5  Word Tokenization

5.1 Word tokenization with LatinCy

# Imports & setup

import spacy
from pprint import pprint
nlp = spacy.load('la_core_web_md')
text = "Haec narrantur a poetis de Perseo. Perseus filius erat Iovis, maximi deorum. Avus eius Acrisius appellabatur."
doc = nlp(text)
print(doc)
Haec narrantur a poetis de Perseo. Perseus filius erat Iovis, maximi deorum. Avus eius Acrisius appellabatur.

Word tokenization is the task of splitting a text into words (and wordlike units like punctuation, numbers, etc.). For the LatinCy models, tokenization is the fundamental pipeline component on which all other components depend. SpaCy uses non-destructive, “canonical” tokenization, i.e. non-destructive, in that the original text can be untokenized, so to speak, based on Token annotations and canonical in that indices are assigned to each token during this process and these indices are used to refer to the tokens in other annotations. (Tokens can be separated or merged, but this requires the user to actively undo and redefine the tokenization output.) LatinCy uses a modified version of the default spaCy tokenizer that recognizes and splits enlitic -que using a rules-based process. (NB: It is in the LatinCy development plan to move enclitic splitting to a separate post-tokenization component.)

The spaCy Doc object is an iterable and tokens are the iteration unit.

tokens = [item for item in doc]
print(tokens)
[Haec, narrantur, a, poetis, de, Perseo, ., Perseus, filius, erat, Iovis, ,, maximi, deorum, ., Avus, eius, Acrisius, appellabatur, .]
token = tokens[0]
print(type(token))
<class 'spacy.tokens.token.Token'>

The text content of a Token object can be retrieved with the text attribute.
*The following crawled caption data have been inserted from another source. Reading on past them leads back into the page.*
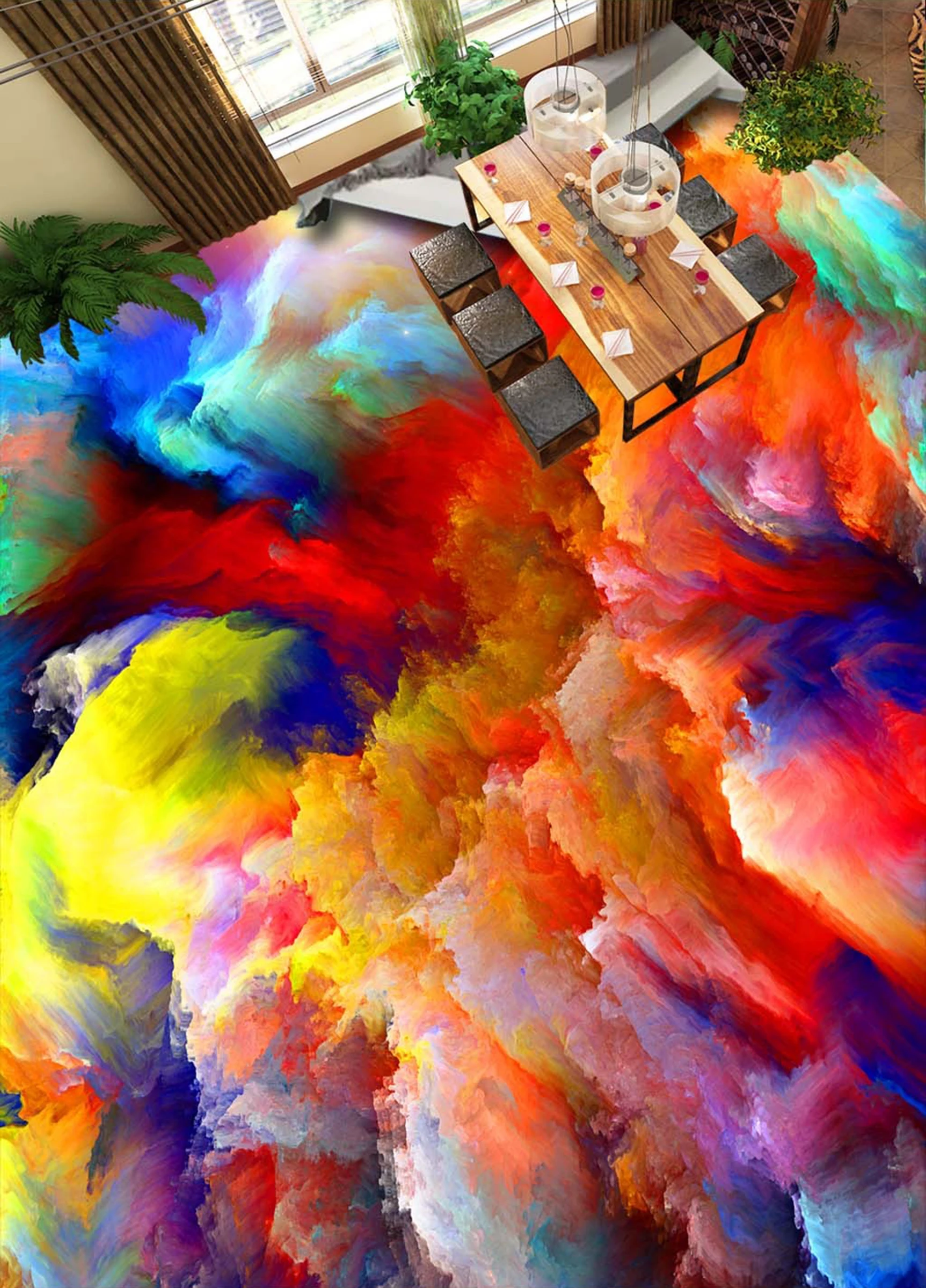 [Self Adhesive] 3D Colorful Oil Painting 632 Floor Wallpaper Mural Wall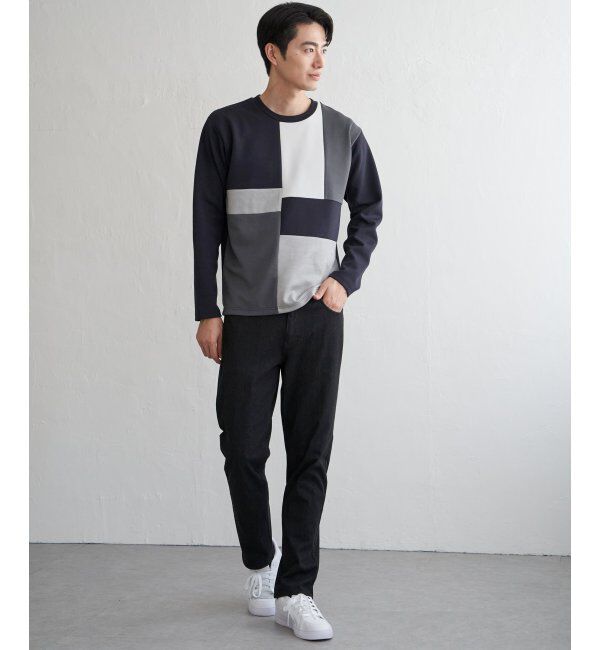 ikka「ブロックスダンボールクルーネック」|パーカー|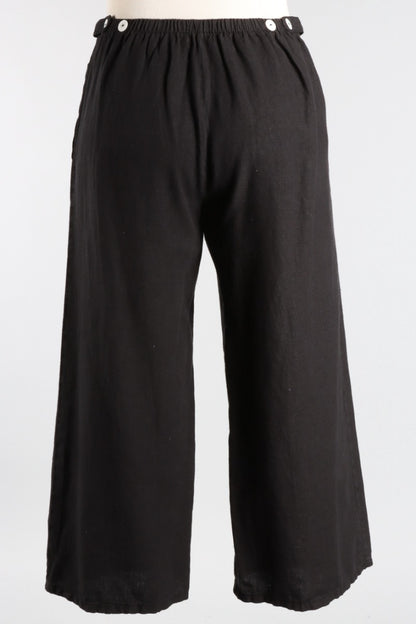 Flat Front Crop Pant - Black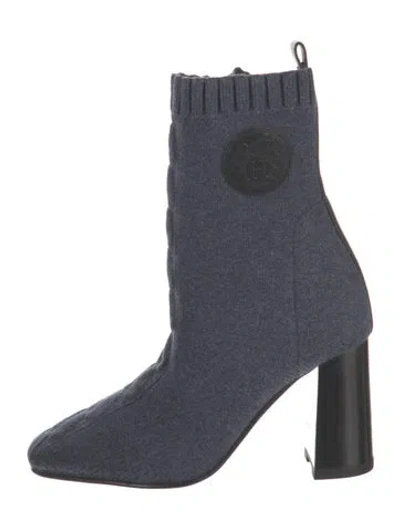 Pre-owned Hermes 2021 Volver 90 Sock Boots In Blue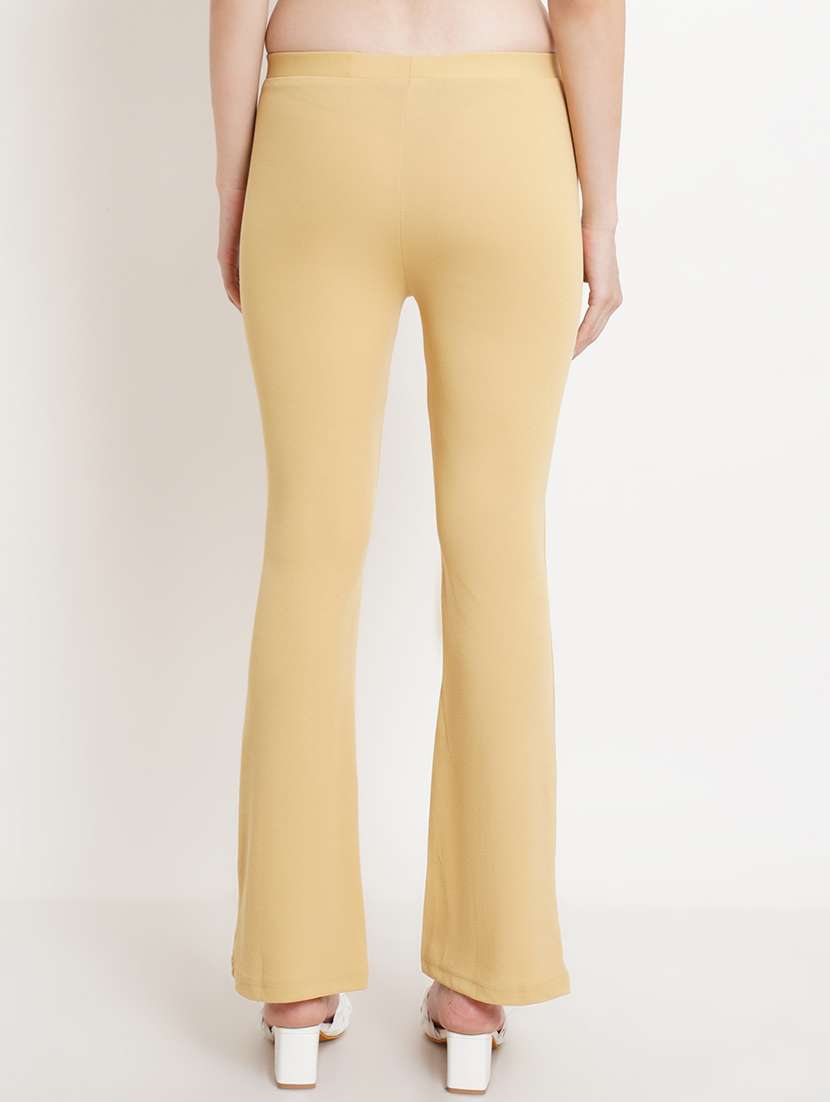 women solid regular fit bootcut trouser - 21523516 - Standard Image - 2
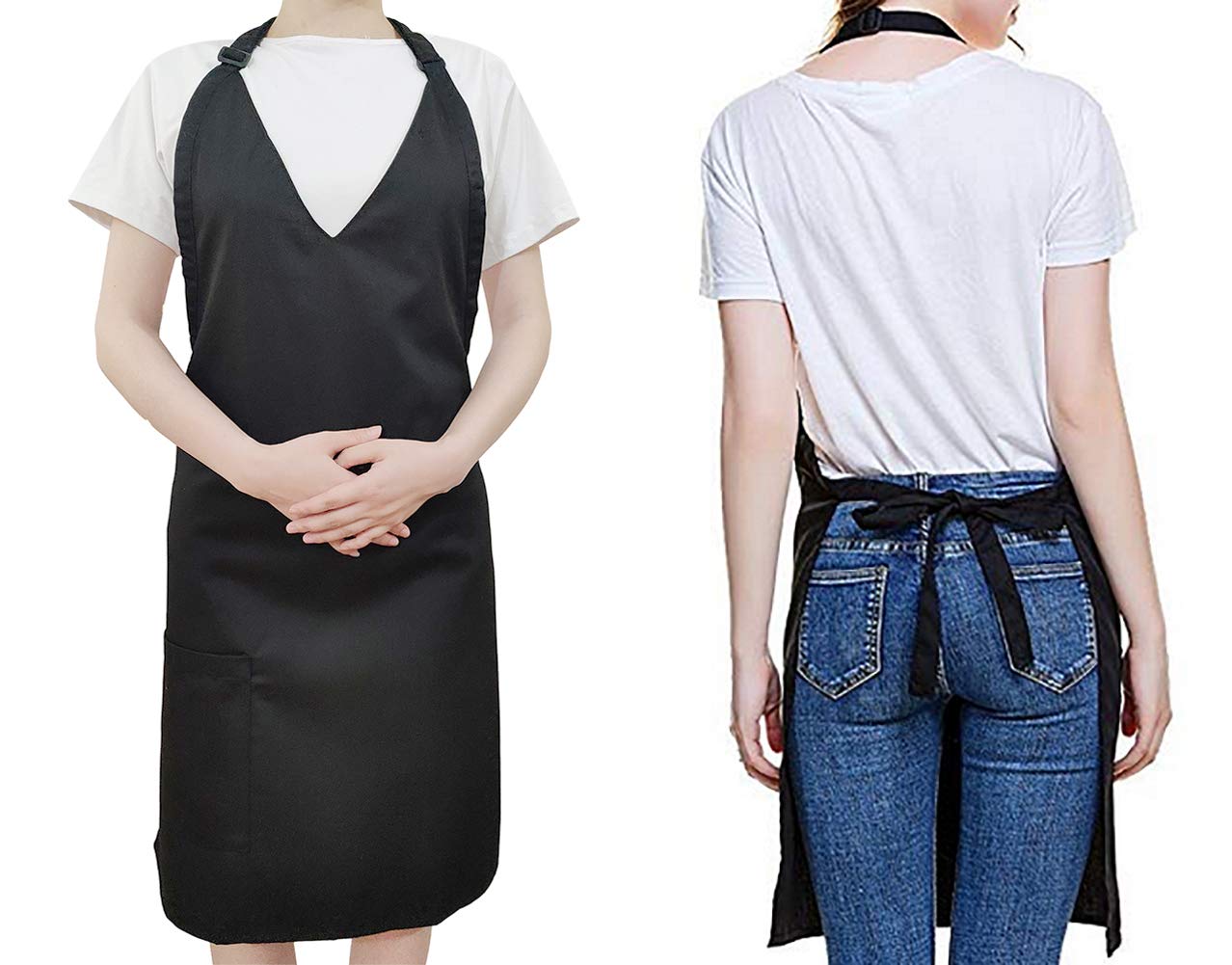 losofar Unisex Black Kitchen Chef V-neck Apron Adjustable Neck Straps Durable BBQ Cooking Works Aprons with Pockets (black)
for i, token in enumerate(tokens, 1):
    print(f'{i}: {token.text}')
1: Haec
2: narrantur
3: a
4: poetis
5: de
6: Perseo
7: .
8: Perseus
9: filius
10: erat
11: Iovis
12: ,
13: maximi
14: deorum
15: .
16: Avus
17: eius
18: Acrisius
19: appellabatur
20: .

Note again that the token itself is a spaCy Token object and that the text attribute returns a Python string even though their representations in the Jupyter Notebook look the same.

token = tokens[0]
print(f'{type(token)} -> {token}')
print(f'{type(token.text)} -> {token.text}')
<class 'spacy.tokens.token.Token'> -> Haec
<class 'str'> -> Haec

5.1.2 Customization of the spaCy tokenizer in LatinCy

LatinCy aims to tokenize the que enclitic in Latin texts. As noted above this is currently done through a rule-based approach. Here is the custom tokenizer code (beginning at this line in the code) followed by a description of the process. Note that this process is based on the following recommendations in the spaCy documentation: https://spacy.io/usage/training#custom-tokenizer.
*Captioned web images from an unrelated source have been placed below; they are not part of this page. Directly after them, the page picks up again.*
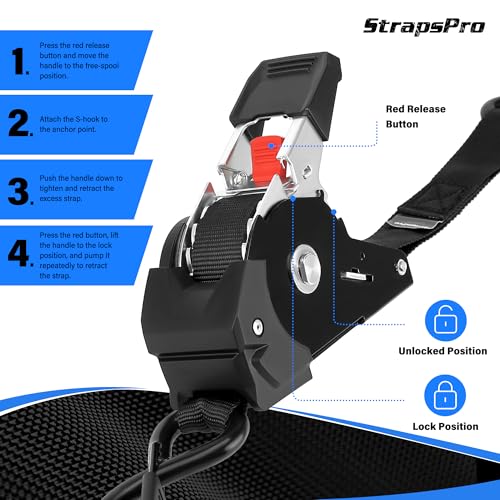 Retractable Ratchet Straps, 1763lb Break Strength Heavy Duty Auto Self Retracting Ratchet Strap with Soft Loops, 1 Inch x ...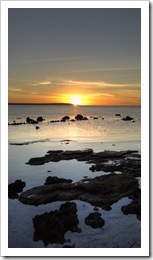 Sunset from our campsite north of Pago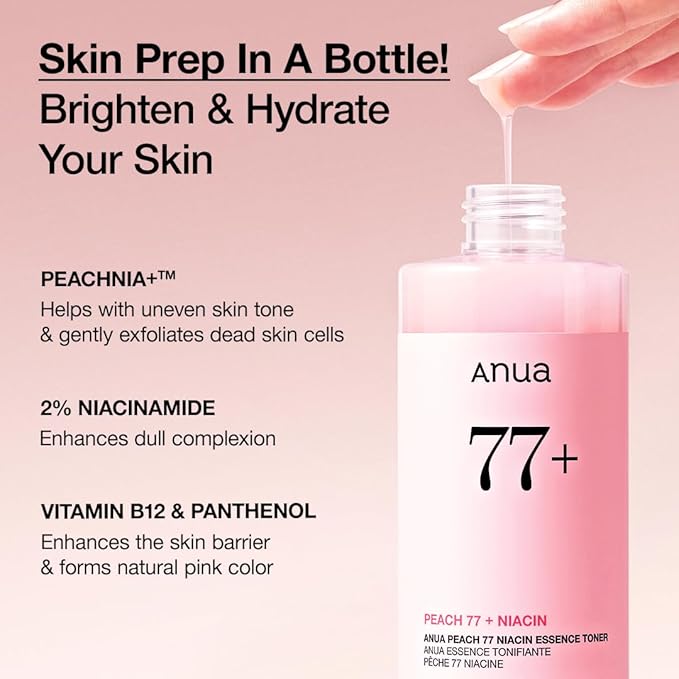 Anua Peach 77 Niacin Essence Toner 250ml / Brightening Toner for Face, Niacinamide, Panthenol, Ceramides, Facial Toner for Glass Skin, Korean Skin Care (8.45 fl.oz.)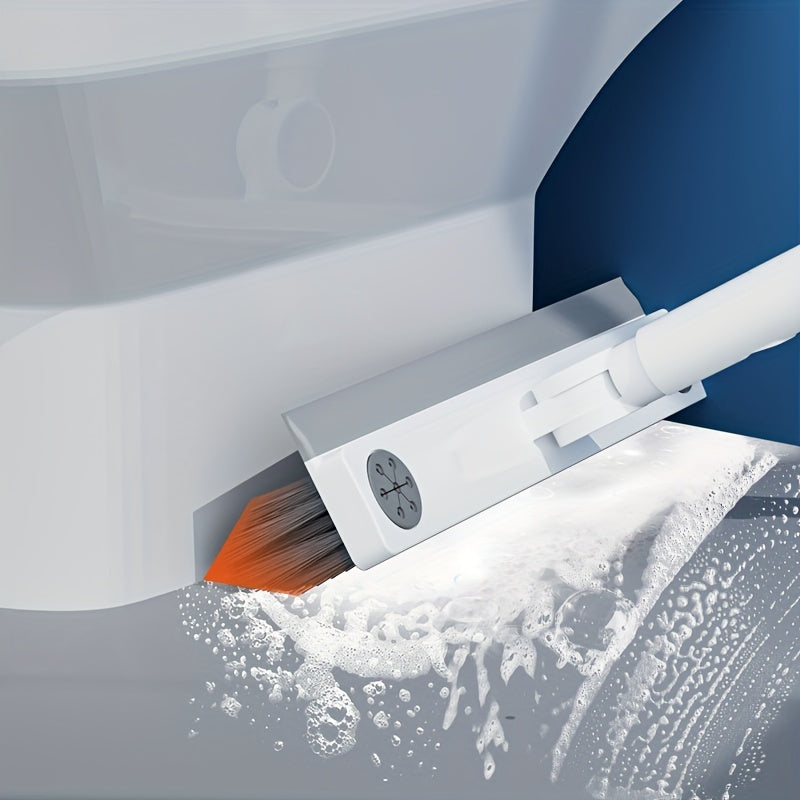 Uy tozalash polni qirib olish cho'tkasi aylanuvchi bosh bilan: Yashash xonasi, hammom, oshxona va hojatxona pollari uchun ko'p maqsadli V-shakl dizayni - Uzoq tutqich va ko'chma foydalanish imkoniyatlari bilan.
from spacy.util import registry, compile_suffix_regex

@registry.callbacks("customize_tokenizer")
def make_customize_tokenizer():
    def customize_tokenizer(nlp):
        suffixes = nlp.Defaults.suffixes + [
            "que",
            "qve",
        ]
        suffix_regex = compile_suffix_regex(suffixes)
        nlp.tokenizer.suffix_search = suffix_regex.search

        for item in que_exceptions:
            nlp.tokenizer.add_special_case(item, [{"ORTH": item}])
            nlp.tokenizer.add_special_case(item.lower(), [{"ORTH": item.lower()}])
            nlp.tokenizer.add_special_case(item.title(), [{"ORTH": item.title()}])
            nlp.tokenizer.add_special_case(item.upper(), [{"ORTH": item.upper()}])
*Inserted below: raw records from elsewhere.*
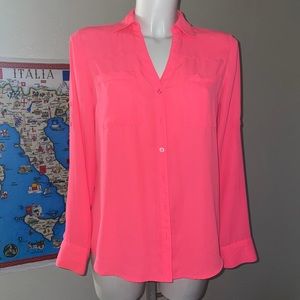 Express hot pink long sleeve blouse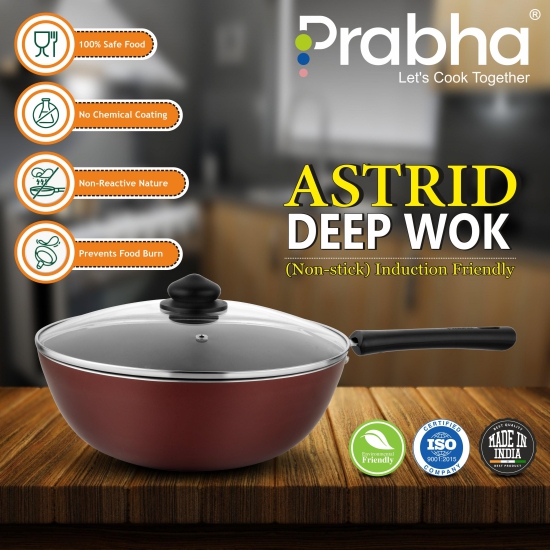 Astrid Nonstick Deep Wok With Glass Lid-24CM / 2.6 Litre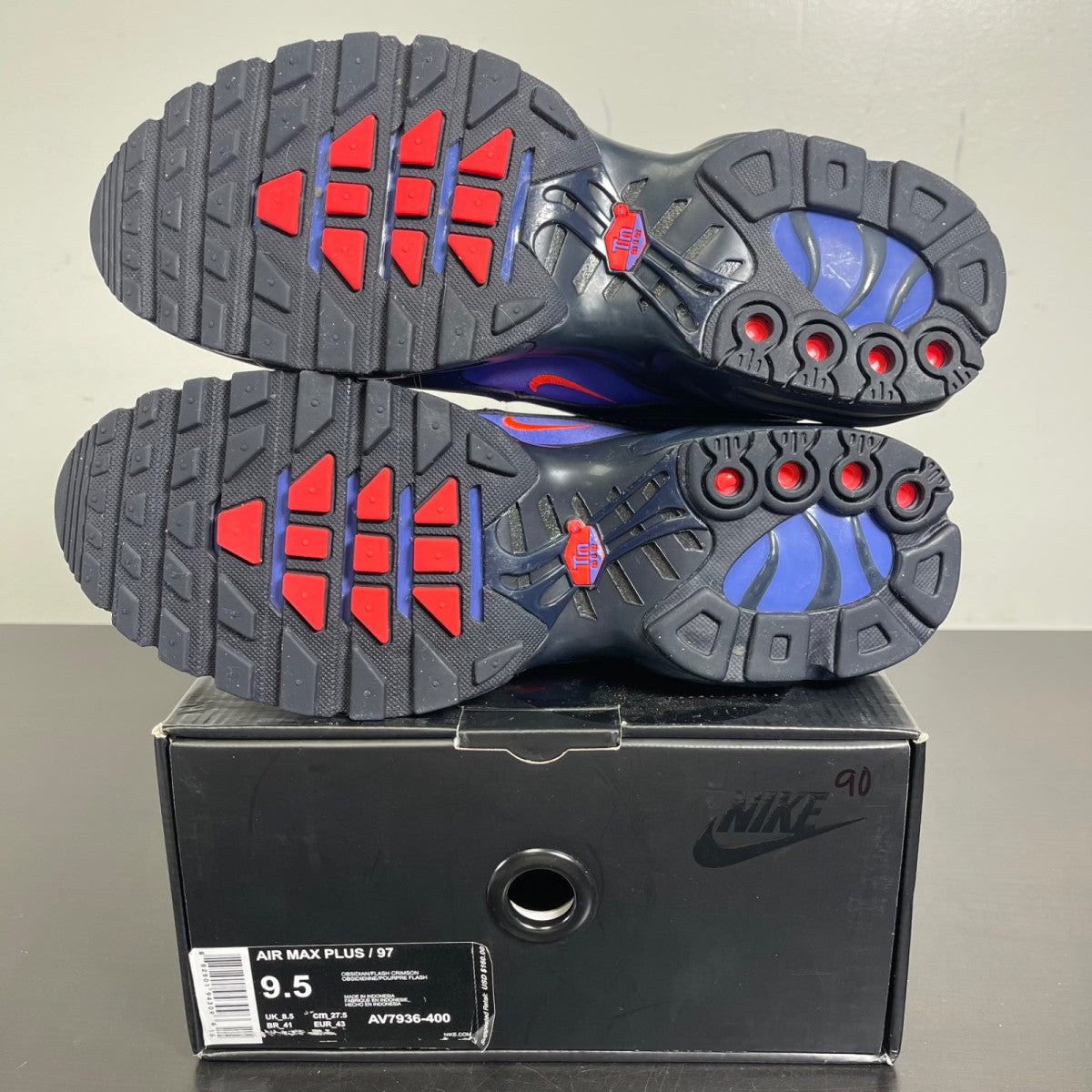 Nike Air Max Plus 97 Discover Your Air 9.5 (Moderately Worn Pre-Owned)NikeObsidian/Flash Crimson-Rush Violet - Image 5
    return customize_tokenizer

Basically, we treat que (and its case and u/v norm variants) as punctuation. These are added to the Defaults.suffixes. If no other intervention were made, then any word ending in que or a variant would be split into a before-que part and que. Since there are large number of relatively predictable words that end in que, these are maintained in a list called que_exceptions. All of the words in the que_exceptions list are added as a “special case” using the tokenizer’s add_special_case method and so will not be split. The que_exceptions lists is as follows:

que_exceptions = ['quisque', 'quidque', 'quicque', 'quodque', 'cuiusque', 'cuique', 'quemque', 'quamque', 'quoque', 'quaque', 'quique', 'quaeque', 'quorumque', 'quarumque', 'quibusque', 'quosque', 'quasque', 'uterque', 'utraque', 'utrumque', 'utriusque', 'utrique', 'utrumque', 'utramque', 'utroque', 'utraque', 'utrique', 'utraeque', 'utrorumque', 'utrarumque', 'utrisque', 'utrosque', 'utrasque', 'quicumque', 'quidcumque', 'quodcumque', 'cuiuscumque', 'cuicumque', 'quemcumque', 'quamcumque', 'quocumque', 'quacumque', 'quicumque', 'quaecumque', 'quorumcumque', 'quarumcumque', 'quibuscumque', 'quoscumque', 'quascumque', 'unusquisque', 'unaquaeque', 'unumquodque', 'unumquidque', 'uniuscuiusque', 'unicuique', 'unumquemque', 'unamquamque', 'unoquoque', 'unaquaque', 'plerusque', 'pleraque', 'plerumque', 'plerique', 'pleraeque', 'pleroque', 'pleramque', 'plerorumque', 'plerarumque', 'plerisque', 'plerosque', 'plerasque', 'absque', 'abusque', 'adaeque', 'adusque', 'aeque', 'antique', 'atque', 'circumundique', 'conseque', 'cumque', 'cunque', 'denique', 'deque', 'donique', 'hucusque', 'inique', 'inseque', 'itaque', 'longinque', 'namque', 'neque', 'oblique', 'peraeque', 'praecoque', 'propinque', 'qualiscumque', 'quandocumque', 'quandoque', 'quantuluscumque', 'quantumcumque', 'quantuscumque', 'quinque', 'quocumque', 'quomodocumque', 'quomque', 'quotacumque', 'quotcumque', 'quotienscumque', 'quotiensque', 'quotusquisque', 'quousque', 'relinque', 'simulatque', 'torque', 'ubicumque', 'ubique', 'undecumque', 'undique', 'usque', 'usquequaque', 'utcumque', 'utercumque', 'utique', 'utrimque', 'utrique', 'utriusque', 'utrobique', 'utrubique']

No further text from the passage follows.